**** INFORMATION SHOWN

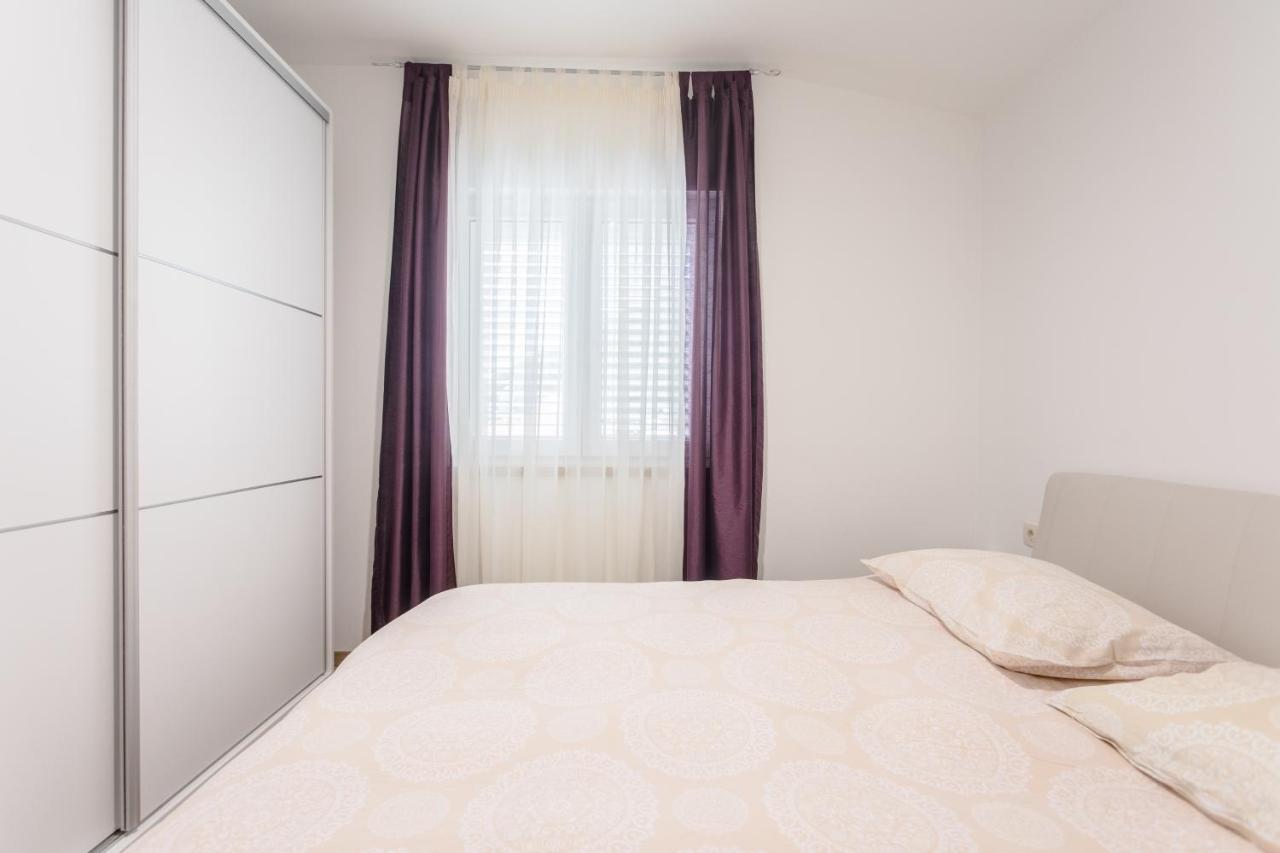 Apartments Kadenca Омиш Экстерьер фото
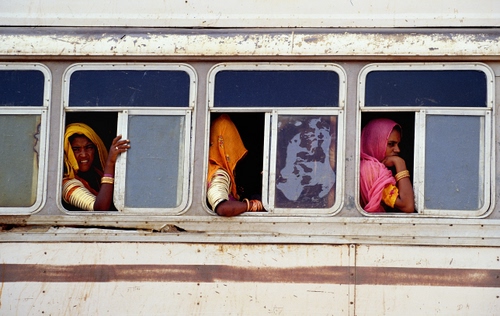 Immagine con donne, tre, finestrini, autobus, colori, treno, finestre, persone, bracciali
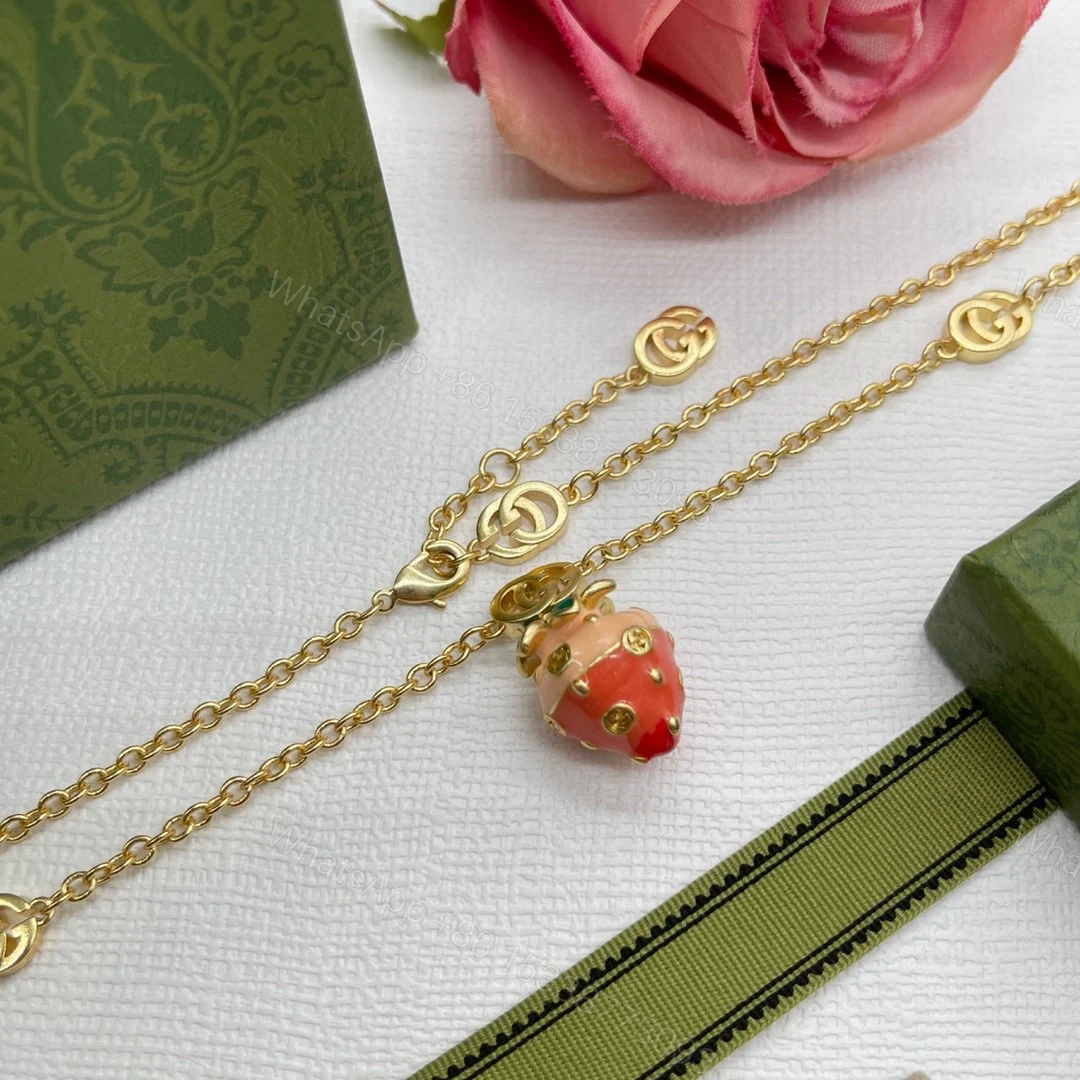 View 6 of EN – Lux Gucci Necklaces 002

********

WORK ITEM
Every line of the data above should be repeated exactly. Omit the pictures.

ANSWER SECTION
 Apartments Kadenca Омиш Экстерьер фото
 Immagine con donne, tre, finestrini, autobus, colori, treno, finestre, persone, bracciali
 View 6 of EN – Lux Gucci Necklaces 002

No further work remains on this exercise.